» **INFORMATION PROVIDED**

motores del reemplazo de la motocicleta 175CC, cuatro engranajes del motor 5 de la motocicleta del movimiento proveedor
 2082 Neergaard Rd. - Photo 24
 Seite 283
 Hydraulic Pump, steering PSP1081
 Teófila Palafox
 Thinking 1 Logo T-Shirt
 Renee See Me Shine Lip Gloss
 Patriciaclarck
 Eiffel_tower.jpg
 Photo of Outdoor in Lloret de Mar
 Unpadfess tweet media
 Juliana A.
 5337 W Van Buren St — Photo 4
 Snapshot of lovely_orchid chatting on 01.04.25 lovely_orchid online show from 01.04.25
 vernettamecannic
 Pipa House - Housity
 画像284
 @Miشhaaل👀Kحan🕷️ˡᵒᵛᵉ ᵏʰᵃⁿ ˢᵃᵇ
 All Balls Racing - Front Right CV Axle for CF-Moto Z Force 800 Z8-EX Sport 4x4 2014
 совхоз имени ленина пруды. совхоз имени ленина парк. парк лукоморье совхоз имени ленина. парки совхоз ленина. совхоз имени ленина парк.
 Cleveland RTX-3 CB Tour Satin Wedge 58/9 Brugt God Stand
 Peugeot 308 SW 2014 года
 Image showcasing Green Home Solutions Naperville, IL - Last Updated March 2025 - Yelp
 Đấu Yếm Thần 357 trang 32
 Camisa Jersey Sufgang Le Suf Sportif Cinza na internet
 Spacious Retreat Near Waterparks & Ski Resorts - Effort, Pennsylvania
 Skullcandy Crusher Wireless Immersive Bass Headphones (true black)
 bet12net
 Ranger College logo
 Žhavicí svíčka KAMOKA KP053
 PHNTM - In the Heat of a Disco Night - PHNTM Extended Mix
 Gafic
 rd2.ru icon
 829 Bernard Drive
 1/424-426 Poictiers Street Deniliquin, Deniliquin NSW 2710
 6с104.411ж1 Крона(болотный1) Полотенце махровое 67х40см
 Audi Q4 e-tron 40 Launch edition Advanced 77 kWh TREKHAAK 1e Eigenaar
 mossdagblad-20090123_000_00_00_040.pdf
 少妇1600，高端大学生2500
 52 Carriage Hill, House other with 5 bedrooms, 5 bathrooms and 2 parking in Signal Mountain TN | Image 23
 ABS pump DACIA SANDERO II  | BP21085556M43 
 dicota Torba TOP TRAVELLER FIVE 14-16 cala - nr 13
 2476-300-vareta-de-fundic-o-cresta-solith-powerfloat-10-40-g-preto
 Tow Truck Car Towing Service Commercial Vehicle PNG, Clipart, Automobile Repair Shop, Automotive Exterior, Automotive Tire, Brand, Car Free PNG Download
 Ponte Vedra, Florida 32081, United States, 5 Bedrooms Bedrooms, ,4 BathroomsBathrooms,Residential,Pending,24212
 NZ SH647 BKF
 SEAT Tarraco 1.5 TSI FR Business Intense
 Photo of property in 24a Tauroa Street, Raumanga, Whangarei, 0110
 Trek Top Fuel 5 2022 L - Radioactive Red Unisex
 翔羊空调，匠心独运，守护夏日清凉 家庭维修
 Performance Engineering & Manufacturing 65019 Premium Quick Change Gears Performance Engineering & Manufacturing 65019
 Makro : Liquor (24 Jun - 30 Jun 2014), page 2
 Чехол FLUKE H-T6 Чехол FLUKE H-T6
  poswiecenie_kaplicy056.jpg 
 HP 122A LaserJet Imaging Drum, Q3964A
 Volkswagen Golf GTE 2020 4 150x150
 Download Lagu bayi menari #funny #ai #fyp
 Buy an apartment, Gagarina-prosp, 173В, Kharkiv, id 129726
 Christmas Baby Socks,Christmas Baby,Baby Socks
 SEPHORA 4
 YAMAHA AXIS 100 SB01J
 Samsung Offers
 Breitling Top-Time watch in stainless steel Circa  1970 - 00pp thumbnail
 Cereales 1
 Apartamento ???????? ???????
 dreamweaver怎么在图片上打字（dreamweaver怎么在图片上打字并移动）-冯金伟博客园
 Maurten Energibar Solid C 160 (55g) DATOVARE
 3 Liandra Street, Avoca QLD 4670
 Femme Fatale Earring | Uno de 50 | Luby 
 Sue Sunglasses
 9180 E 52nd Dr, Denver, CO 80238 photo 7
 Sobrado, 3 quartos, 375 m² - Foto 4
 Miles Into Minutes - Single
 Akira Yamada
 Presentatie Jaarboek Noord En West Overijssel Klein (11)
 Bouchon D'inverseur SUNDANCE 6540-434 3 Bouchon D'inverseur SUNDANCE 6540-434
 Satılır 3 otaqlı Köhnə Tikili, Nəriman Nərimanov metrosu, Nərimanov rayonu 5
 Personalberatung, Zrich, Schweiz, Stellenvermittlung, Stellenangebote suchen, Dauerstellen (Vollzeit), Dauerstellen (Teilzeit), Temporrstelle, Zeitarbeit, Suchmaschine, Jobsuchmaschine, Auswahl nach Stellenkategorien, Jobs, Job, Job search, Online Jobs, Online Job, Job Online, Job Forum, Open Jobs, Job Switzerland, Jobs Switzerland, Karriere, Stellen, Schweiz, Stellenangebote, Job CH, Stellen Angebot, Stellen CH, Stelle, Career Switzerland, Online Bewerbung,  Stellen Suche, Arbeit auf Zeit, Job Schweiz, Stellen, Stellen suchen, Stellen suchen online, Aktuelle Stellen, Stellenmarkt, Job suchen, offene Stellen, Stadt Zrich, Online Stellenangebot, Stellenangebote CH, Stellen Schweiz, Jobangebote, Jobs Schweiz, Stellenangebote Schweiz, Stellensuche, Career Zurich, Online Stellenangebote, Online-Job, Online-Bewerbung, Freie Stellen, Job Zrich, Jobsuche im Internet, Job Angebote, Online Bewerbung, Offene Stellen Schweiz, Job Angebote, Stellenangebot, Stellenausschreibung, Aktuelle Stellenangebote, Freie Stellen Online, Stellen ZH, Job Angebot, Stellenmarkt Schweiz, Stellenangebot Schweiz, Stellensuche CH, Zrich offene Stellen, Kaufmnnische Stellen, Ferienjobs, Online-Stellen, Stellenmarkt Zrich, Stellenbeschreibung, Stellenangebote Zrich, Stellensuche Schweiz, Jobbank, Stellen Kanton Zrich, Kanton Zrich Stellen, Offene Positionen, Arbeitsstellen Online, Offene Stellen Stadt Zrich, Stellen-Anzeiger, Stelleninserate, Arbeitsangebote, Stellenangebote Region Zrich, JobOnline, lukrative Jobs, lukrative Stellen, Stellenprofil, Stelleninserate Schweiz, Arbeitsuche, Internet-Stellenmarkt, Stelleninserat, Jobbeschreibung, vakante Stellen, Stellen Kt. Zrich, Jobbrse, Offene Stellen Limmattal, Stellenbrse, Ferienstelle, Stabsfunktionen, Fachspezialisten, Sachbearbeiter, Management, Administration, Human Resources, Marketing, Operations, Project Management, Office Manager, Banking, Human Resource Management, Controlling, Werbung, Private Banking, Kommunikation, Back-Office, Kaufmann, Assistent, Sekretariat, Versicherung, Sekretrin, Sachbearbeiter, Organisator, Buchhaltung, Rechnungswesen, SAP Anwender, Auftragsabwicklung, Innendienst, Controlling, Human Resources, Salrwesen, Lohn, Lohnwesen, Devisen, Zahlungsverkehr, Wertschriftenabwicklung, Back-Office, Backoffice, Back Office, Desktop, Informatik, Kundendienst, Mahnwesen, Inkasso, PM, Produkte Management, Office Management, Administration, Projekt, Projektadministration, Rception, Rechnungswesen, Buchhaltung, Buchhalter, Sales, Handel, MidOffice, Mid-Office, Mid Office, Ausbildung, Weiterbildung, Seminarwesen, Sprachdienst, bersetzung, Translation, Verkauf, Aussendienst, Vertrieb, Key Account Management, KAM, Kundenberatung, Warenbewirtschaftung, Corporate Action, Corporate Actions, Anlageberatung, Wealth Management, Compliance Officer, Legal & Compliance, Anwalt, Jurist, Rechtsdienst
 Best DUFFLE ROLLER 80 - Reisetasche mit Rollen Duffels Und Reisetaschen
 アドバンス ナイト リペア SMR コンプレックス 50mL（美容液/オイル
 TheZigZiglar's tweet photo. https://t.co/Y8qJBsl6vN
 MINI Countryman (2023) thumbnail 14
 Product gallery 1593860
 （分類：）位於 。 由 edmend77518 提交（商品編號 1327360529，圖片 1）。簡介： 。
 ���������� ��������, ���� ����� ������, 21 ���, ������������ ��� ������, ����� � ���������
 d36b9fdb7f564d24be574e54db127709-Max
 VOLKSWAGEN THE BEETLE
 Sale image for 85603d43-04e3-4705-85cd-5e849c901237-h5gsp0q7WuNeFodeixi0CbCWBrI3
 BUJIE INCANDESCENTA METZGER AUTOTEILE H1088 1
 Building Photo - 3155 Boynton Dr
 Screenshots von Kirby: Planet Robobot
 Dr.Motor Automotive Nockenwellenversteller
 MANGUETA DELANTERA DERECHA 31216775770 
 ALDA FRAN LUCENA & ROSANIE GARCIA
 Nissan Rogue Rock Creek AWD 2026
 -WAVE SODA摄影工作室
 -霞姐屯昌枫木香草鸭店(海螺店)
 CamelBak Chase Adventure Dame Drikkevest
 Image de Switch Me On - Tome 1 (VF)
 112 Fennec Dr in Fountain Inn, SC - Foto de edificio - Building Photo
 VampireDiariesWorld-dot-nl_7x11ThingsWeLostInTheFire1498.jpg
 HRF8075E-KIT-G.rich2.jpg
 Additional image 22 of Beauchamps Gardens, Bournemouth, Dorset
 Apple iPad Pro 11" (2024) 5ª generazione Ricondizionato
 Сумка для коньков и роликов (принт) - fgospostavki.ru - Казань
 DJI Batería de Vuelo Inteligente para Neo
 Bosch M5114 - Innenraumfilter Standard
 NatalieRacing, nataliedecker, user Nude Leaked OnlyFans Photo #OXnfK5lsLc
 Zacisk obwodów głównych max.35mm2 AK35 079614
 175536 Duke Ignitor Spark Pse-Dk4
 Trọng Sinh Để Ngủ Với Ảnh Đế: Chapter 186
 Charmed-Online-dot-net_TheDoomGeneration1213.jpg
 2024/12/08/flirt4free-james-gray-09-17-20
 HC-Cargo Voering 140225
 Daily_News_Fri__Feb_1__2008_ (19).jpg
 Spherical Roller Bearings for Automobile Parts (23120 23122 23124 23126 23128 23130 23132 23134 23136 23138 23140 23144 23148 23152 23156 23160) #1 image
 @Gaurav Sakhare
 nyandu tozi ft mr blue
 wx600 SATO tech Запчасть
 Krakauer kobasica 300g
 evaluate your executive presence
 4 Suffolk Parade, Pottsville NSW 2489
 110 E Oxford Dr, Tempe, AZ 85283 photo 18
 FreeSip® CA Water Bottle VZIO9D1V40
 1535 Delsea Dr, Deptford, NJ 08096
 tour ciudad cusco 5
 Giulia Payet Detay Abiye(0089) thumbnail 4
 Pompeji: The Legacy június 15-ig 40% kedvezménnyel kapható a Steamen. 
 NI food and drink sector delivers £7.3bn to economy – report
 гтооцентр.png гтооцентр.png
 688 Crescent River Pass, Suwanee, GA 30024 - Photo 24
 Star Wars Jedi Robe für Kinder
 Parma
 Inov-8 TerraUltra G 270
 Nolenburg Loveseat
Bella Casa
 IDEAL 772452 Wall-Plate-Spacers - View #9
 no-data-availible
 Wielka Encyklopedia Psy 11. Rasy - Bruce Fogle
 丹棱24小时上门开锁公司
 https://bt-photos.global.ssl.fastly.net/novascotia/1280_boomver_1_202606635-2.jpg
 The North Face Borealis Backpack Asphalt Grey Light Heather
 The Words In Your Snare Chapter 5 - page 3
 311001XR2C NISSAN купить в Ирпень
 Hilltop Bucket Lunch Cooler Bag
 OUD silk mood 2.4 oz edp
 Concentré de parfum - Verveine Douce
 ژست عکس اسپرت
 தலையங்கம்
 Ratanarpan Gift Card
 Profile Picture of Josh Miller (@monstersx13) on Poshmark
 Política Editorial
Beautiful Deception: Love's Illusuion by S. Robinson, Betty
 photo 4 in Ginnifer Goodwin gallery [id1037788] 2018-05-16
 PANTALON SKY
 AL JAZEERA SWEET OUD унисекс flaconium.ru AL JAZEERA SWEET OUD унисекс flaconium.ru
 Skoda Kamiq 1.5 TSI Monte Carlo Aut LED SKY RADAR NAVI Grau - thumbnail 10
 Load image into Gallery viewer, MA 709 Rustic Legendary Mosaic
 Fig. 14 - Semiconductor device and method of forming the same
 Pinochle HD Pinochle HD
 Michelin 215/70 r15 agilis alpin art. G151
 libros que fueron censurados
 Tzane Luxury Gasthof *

» **TASK STATEMENT**
An exact, complete copy of the lines above from the one with "Чехол FLUKE H-T6 Чехол FLUKE H-T6" through the one with "Femme Fatale Earring | Uno de 50 | Luby" is the whole answer.

» **WRITTEN SOLUTION**
 Чехол FLUKE H-T6 Чехол FLUKE H-T6
  poswiecenie_kaplicy056.jpg 
 HP 122A LaserJet Imaging Drum, Q3964A
 Volkswagen Golf GTE 2020 4 150x150
 Download Lagu bayi menari #funny #ai #fyp
 Buy an apartment, Gagarina-prosp, 173В, Kharkiv, id 129726
 Christmas Baby Socks,Christmas Baby,Baby Socks
 SEPHORA 4
 YAMAHA AXIS 100 SB01J
 Samsung Offers
 Breitling Top-Time watch in stainless steel Circa  1970 - 00pp thumbnail
 Cereales 1
 Apartamento ???????? ???????
 dreamweaver怎么在图片上打字（dreamweaver怎么在图片上打字并移动）-冯金伟博客园
 Maurten Energibar Solid C 160 (55g) DATOVARE
 3 Liandra Street, Avoca QLD 4670
 Femme Fatale Earring | Uno de 50 | Luby 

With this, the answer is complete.